Most importantly, the children are surrounded by a loving community that teaches them good citizenship by modeling ethics, participatory decision-making, environmental protection, and community service.
Comments by Elizabeth Ross Johnson, President and Founder, at an October 22, 2010 Fundraising Event for Golden Children
In 2002, I took a trip to Cambodia with some of my good friends. We were expecting what most visitors to the country expect: an impoverished nation, but one of immense beauty and culture.
This was certainly the case, but I admit that we could not have been prepared for how much devastation and lack of infrastructure still remained from the brutal and genocidal regime of the Khmer Rouge.
One of the most disheartening problems was the horrendous number of abandoned infants in both the slums and orphanages. When the American border was closed to adoptions, the Cambodian government had little incentive to care for this overflow of children.

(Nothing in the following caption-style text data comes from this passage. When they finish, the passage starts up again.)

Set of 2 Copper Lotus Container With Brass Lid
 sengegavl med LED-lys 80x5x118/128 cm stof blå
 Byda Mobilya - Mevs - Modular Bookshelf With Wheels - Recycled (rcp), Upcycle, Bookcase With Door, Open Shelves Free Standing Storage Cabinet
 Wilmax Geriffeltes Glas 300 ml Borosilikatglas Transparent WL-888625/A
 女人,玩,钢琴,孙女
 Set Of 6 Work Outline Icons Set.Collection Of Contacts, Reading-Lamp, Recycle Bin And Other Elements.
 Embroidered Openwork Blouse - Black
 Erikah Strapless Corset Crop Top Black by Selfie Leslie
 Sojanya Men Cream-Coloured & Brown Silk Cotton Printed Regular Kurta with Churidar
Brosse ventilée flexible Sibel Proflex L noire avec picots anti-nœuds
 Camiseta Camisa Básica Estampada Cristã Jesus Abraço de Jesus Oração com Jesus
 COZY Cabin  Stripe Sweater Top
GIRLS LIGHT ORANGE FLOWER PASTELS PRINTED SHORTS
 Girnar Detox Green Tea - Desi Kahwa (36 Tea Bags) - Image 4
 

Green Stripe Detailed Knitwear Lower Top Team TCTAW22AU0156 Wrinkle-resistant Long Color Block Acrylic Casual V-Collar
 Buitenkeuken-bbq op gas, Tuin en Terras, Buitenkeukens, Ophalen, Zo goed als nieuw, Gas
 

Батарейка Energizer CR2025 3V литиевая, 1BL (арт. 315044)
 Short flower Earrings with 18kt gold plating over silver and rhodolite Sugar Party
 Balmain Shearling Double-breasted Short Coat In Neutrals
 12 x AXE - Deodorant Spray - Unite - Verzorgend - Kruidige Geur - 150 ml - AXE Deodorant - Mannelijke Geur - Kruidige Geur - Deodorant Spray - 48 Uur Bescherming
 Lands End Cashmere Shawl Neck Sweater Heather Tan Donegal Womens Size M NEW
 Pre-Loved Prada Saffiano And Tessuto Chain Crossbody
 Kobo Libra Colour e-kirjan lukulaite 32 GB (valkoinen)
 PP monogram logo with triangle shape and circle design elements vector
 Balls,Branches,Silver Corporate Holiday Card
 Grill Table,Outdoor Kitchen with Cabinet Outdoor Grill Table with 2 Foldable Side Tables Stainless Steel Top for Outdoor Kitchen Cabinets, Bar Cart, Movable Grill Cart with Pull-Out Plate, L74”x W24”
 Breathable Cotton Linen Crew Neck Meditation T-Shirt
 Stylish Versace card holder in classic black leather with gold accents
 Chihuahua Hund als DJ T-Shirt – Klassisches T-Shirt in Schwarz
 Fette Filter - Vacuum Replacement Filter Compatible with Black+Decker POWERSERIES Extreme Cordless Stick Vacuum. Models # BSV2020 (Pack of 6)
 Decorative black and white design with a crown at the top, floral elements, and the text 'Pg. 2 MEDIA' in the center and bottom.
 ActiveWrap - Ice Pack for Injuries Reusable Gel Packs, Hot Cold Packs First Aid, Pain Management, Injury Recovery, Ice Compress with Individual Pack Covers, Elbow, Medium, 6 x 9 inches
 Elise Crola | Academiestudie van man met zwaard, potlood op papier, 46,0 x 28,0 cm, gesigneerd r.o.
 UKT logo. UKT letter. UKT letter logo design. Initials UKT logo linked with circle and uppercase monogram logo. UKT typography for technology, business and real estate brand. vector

To make matters worse, many in Cambodia take the view that these children are responsible for their present circumstances because they must have done something terrible in their past life.
As a mother of four at the time, this idea that these children had brought such a life upon themselves was the last straw for me. Luckily I met a man on this trip who felt the same way.
Sothea Arun, a compassionate and proactive Cambodian citizen, was already running an amazing number of free outreach schools for women and children. We became friends immediately. We both felt that we could do something to help these children and we set upon figuring out how to do that.
We learned as we went. But what was clear from the start was that we both believed in the possibility of change. What if these children could be brought up without corruption? What if we could give them a good education, a strong set of values, and all the love they had been denied but were so deserving of? What if we could give them everything they needed to be healthy, productive citizens of Cambodia?
Lofty goals, yes. But if we can succeed even partially, we will be giving these children a chance to make their own way in the world.